Kristin’s Story – No Filter on Anxiety
By: Kristin Harris, Companion Editor
If you have ulcerative colitis or Crohn’s, you know the toll the pain takes on your body. You know that the disease can leave you bedridden, unable to eat without running to the bathroom. You know it can put you in the hospital, and in a lot of cases, you can or will undergo multiple surgeries. You know that your life begins to revolve around medications and what you can and can’t eat.
These are all things that are talked about and generally understood with IBD. The hardest thing I had to speak up about for myself? Anxiety. Your mental state is almost completely overlooked with IBD. I suffered with UC from my diagnosis in 2007 at 18 years old to the day I had my colon removed in 2013. But at that point, another battle had just begun with recovery, two more surgeries, living with an ostomy for a year, and re-learning how to live and function with an internal J-Pouch. Although I was relieved of the excruciating pain and sickness of having a colon, I was a complete mess.
There wasn’t a single doctor’s visit where I was asked about my mental health. I was never asked if I had major — or ANY — anxiety, and because it was never addressed by a medical professional, I felt it was taboo to even talk about. Before my surgeries, car rides traumatized me. The idea of being anywhere away from a bathroom was enough to keep me chained to my house. The second I felt that wave of anxiety hit me, I was doubled over in pain and running to the bathroom. I couldn’t even sit in a quiet waiting room of a doctor’s office without wanting to scream. Just going to family events took every ounce of my mental and physical strength. The disease gave me anxiety, and anxiety worsens my symptoms. Seems fair, doesn’t it? Unless you deal with this disease, no one can understand the mental toll it takes on you, leaving you incredibly fragile and on the verge of a breakdown. And breakdowns I had — most being on the bathroom floor by myself, door locked.

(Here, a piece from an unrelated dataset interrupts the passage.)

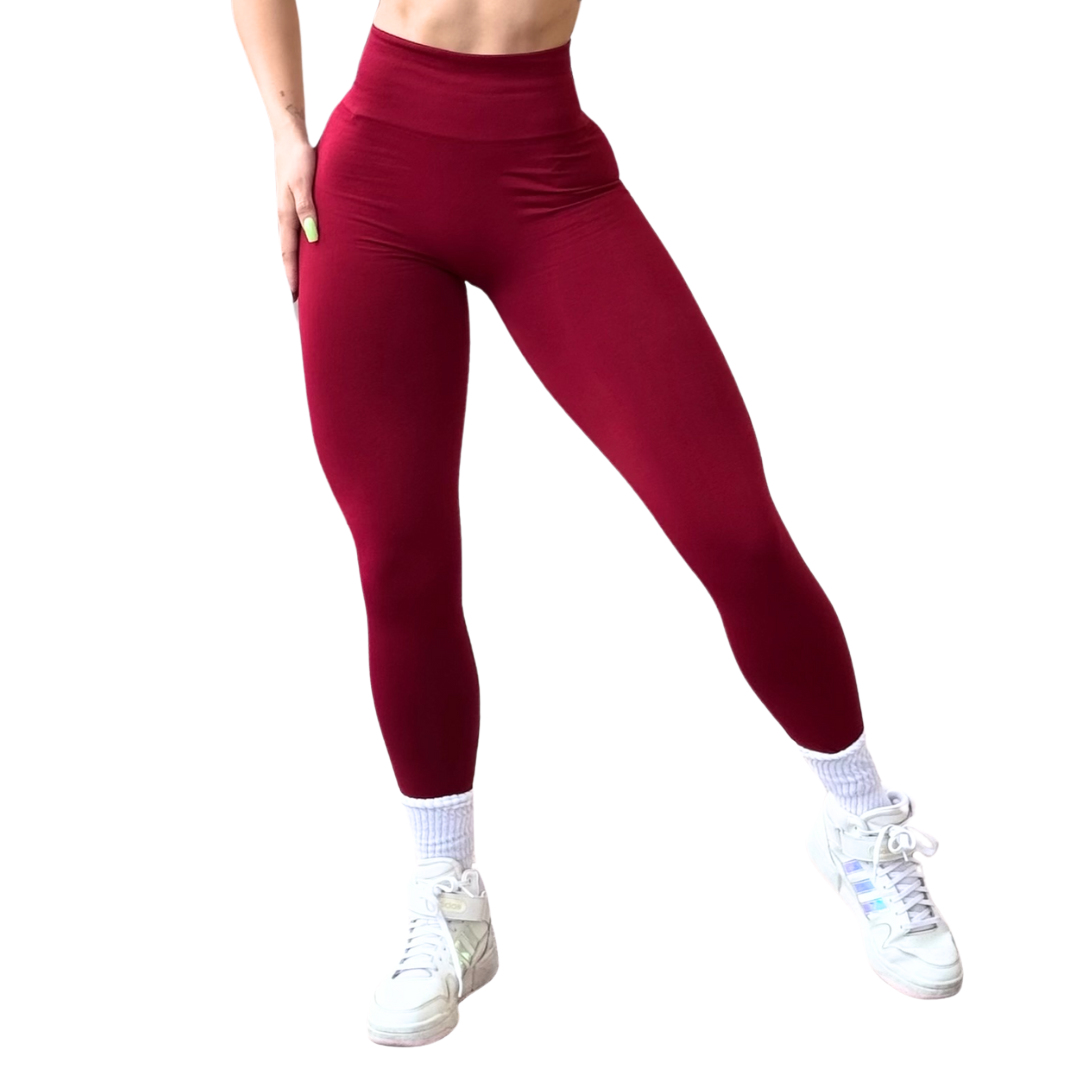 Leggings Deportivos para Mujer Fitness: Seamless Efecto Push Up y Burbuja, Cintura Alta, Textil Tejido Liso Suave Transpirable , Color Sangría | Adriana Olimpo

Don’t be afraid to seek help. I wish I had reached out to a therapist years ago when I was at my worst. I finally reached out to my family doctor post-surgeries and now take anti-anxiety medication as needed, and I feel like I’ve regained control. There’s still the anxiety and fear of the unknown with my future health, but there isn’t a day that goes by that I don’t stop and take a deep breath, telling myself “everything will be okay”.
This is my life with IBD right now, unfiltered.